* **Input data**
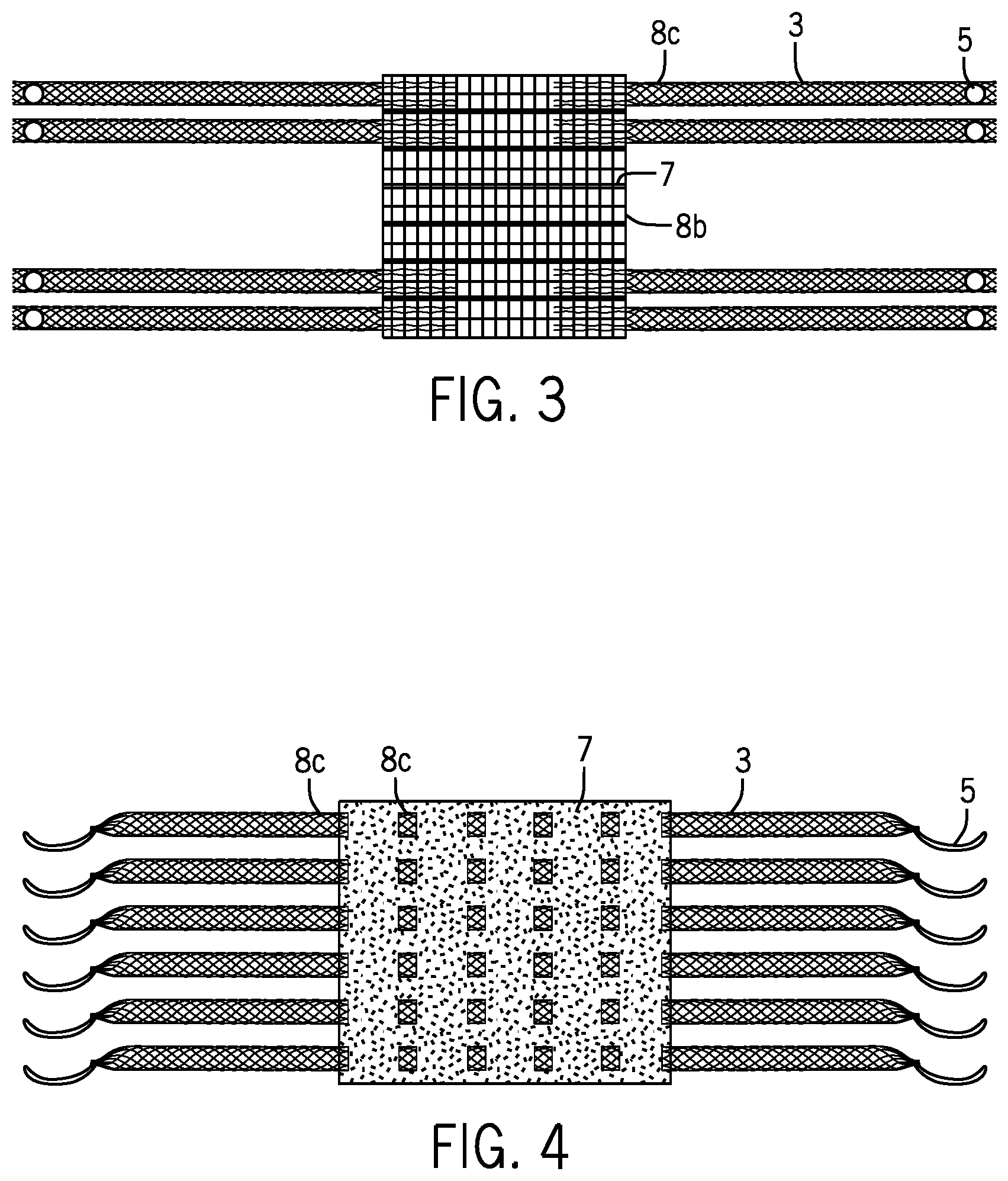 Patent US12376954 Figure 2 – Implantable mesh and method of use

--

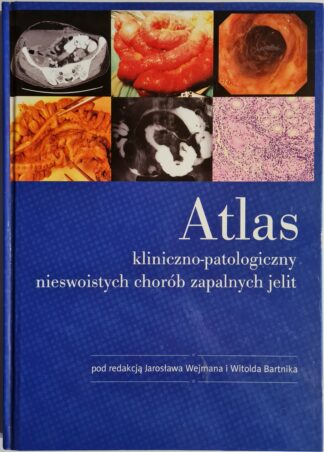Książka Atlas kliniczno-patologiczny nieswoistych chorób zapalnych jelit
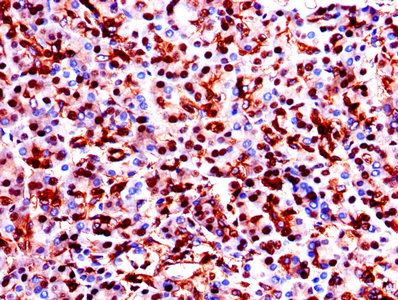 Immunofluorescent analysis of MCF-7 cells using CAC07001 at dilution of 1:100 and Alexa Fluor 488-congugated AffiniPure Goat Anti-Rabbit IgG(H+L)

* * *

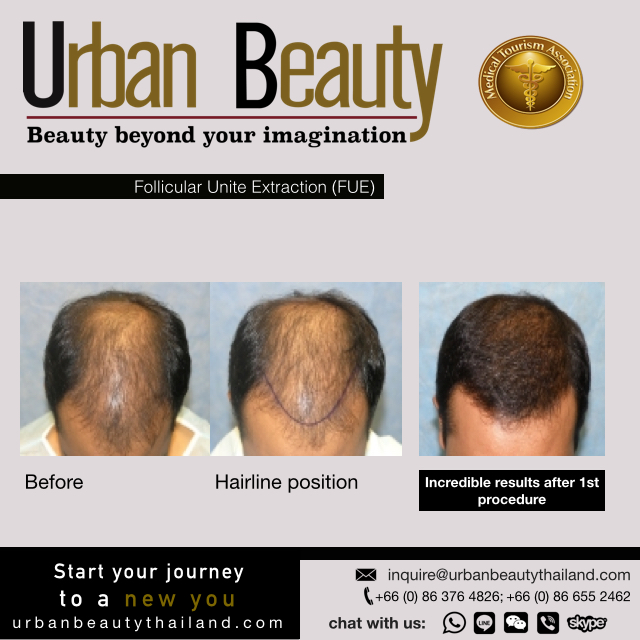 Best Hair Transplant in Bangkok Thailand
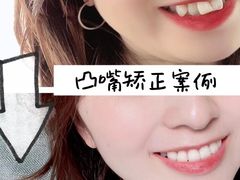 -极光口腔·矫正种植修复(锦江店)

* **Problem to work on**
In the listing above, find the line containing "Książka Atlas kliniczno-patologiczny" and the line containing "Immunofluorescent analysis of", then print exactly those two lines and every line between them, minus the pictures.

* **Response area**
Książka Atlas kliniczno-patologiczny nieswoistych chorób zapalnych jelit
 Immunofluorescent analysis of MCF-7 cells using CAC07001 at dilution of 1:100 and Alexa Fluor 488-congugated AffiniPure Goat Anti-Rabbit IgG(H+L)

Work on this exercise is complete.